Après l’interminable feuilleton de la vente de l’équipe à la suite du départ de Robert Wetenhall et l’impact profond de la COVID-19 sur la Ligue canadienne de football (LCF), ce nouveau plongeon dans l’incertitude est la dernière chose dont les Alouettes ont besoin. C’est pourtant le choix des propriétaires de l’équipe, manifestement complètement déconnectés de la réalité montréalaise.

Dans un contexte difficile, Cecchini a accompli un solide boulot à la présidence des Alouettes. Il a pris la tête d’une organisation qui devait rebâtir les ponts avec son public : vente d’abonnements saisonniers, augmentation des partenariats d’affaires, amélioration de l’expérience des fans au stade et renforcement de l’image de marque de l’organisation dans notre paysage sportif.

Je me souviens du jour où sa nomination a été confirmée, en janvier 2020. Sa joie était manifeste. Il rappelait ses liens remontant à l’enfance avec l’équipe. « Dès que j’ai pu prendre le métro seul pour me rendre au Stade olympique, où les billets coûtaient 4 $, j’étais presque toujours là », avait-il expliqué.

Une chose était sûre : cet homme-là allait se défoncer pour l’organisation. On connaît la suite. La COVID-19 a frappé et la LCF a annulé entièrement sa saison. Cela a freiné les initiatives envisagées.

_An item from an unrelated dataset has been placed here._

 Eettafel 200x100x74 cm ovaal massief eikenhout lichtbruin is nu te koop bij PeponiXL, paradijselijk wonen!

Lorsque le circuit a repris ses activités en 2021, Cecchini a repris de son mieux le temps perdu. Il a représenté l’équipe avec un panache évident durant son trop court règne. Peu à peu, les Alouettes ont volé plus haut. Il remplissait avec succès le mandat très simple que Stern lui avait confié le jour de son embauche : « Arrange-toi pour que ça marche. »

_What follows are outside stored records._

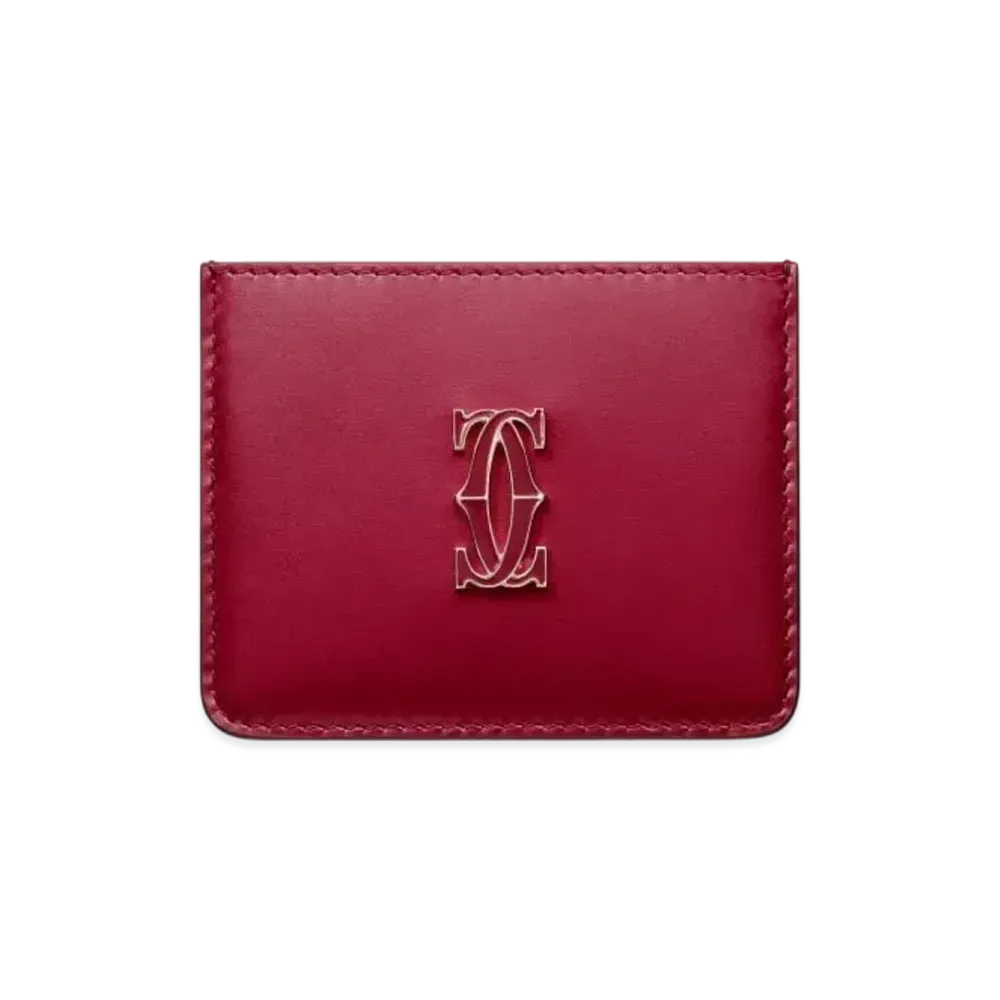 Cartier Simple Card Holder, C de Cartier "Cherry Red"
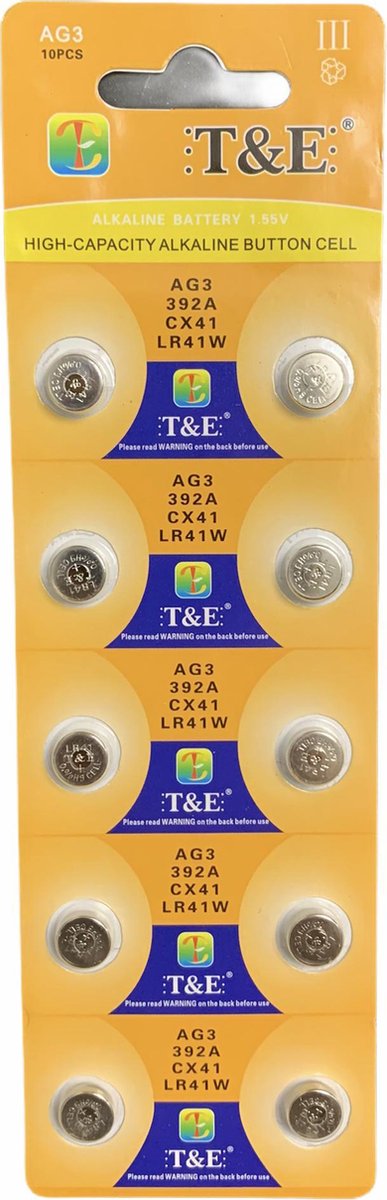 AG3 Alkaline Batterijen LR41 – Knoopcel - Hoge Capaciteit – 10 Stuks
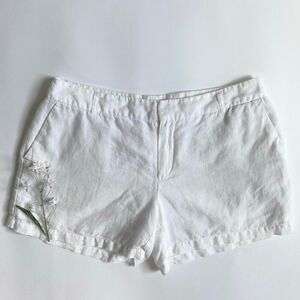 White linen shorts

Aujourd’hui, pour des raisons qui leur appartiennent, ses patrons estiment que « ça » ne marche pas.

Bonne chance pour trouver une personne souhaitant lui succéder ! Qui voudrait travailler pour des gens qui ne récompensent pas la progression ?

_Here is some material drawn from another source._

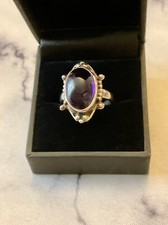 ANCIENNE BAGUE UNIQUE ARGENT MASSIF OUVRAGÉ - VÉRITABLE AMÉTHYSTE CABOCHON - T55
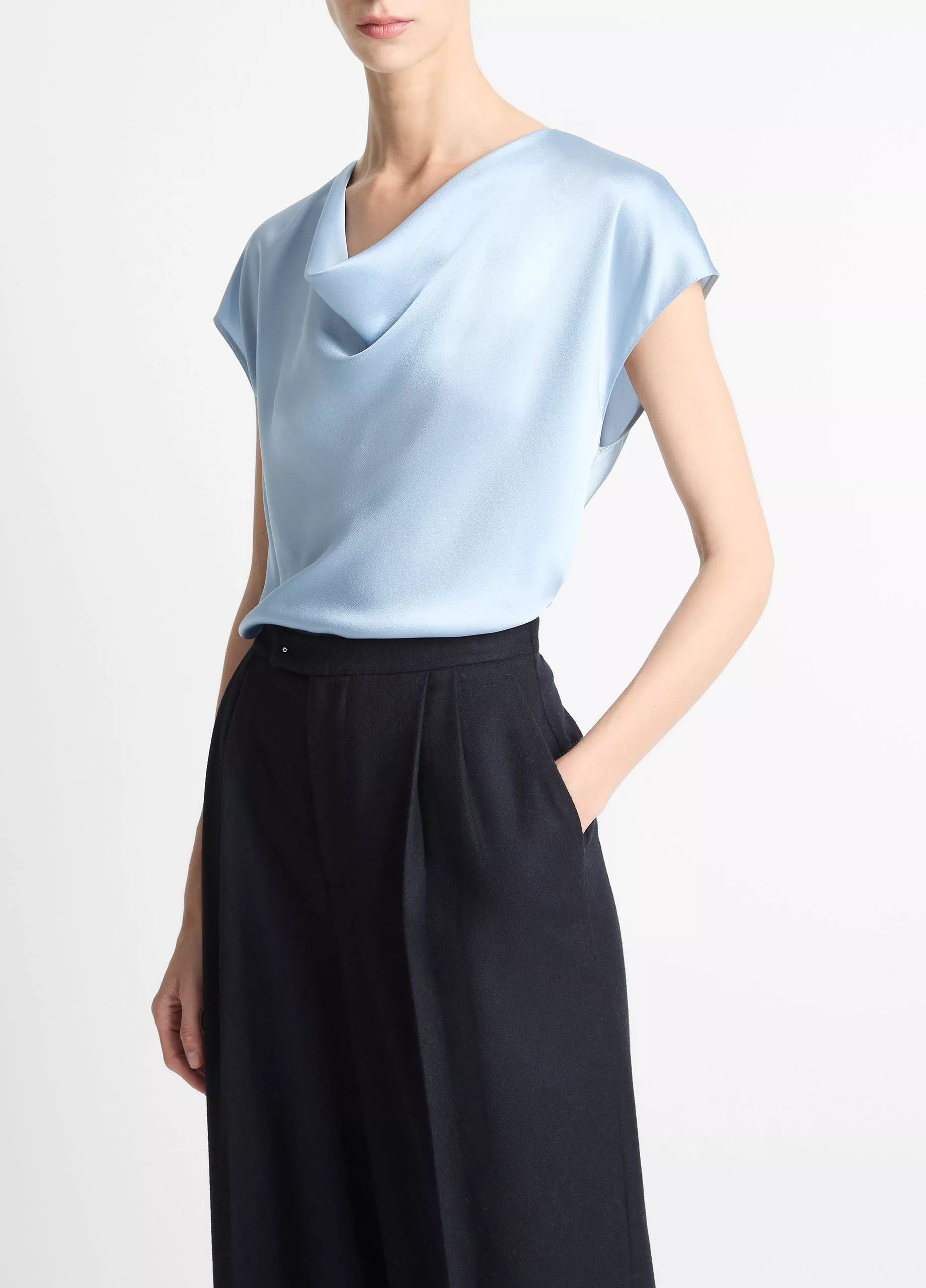 Vince  Silk Cowl-Neck Blouse - Pale Amalfi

L’actionnaire minoritaire Gary Stern, de nouveau détenteur du pouvoir, croyait-il vraiment que la seule arrivée de nouveaux proprios ferait en sorte que l’équipe disputerait tous ses matchs à guichets fermés et gagnerait la Coupe Grey ? C’est bien mal connaître le marché montréalais et encore plus l’industrie du sport professionnel.

Les Alouettes retrouvent donc la confusion. Et les propriétaires sont les seuls responsables de cette situation. (Les intérêts majoritaires de l’équipe sont détenus par la succession de Sid Spiegel, beau-père de Stern.)

Tout cela est un immense gâchis qui aurait facilement pu être évité.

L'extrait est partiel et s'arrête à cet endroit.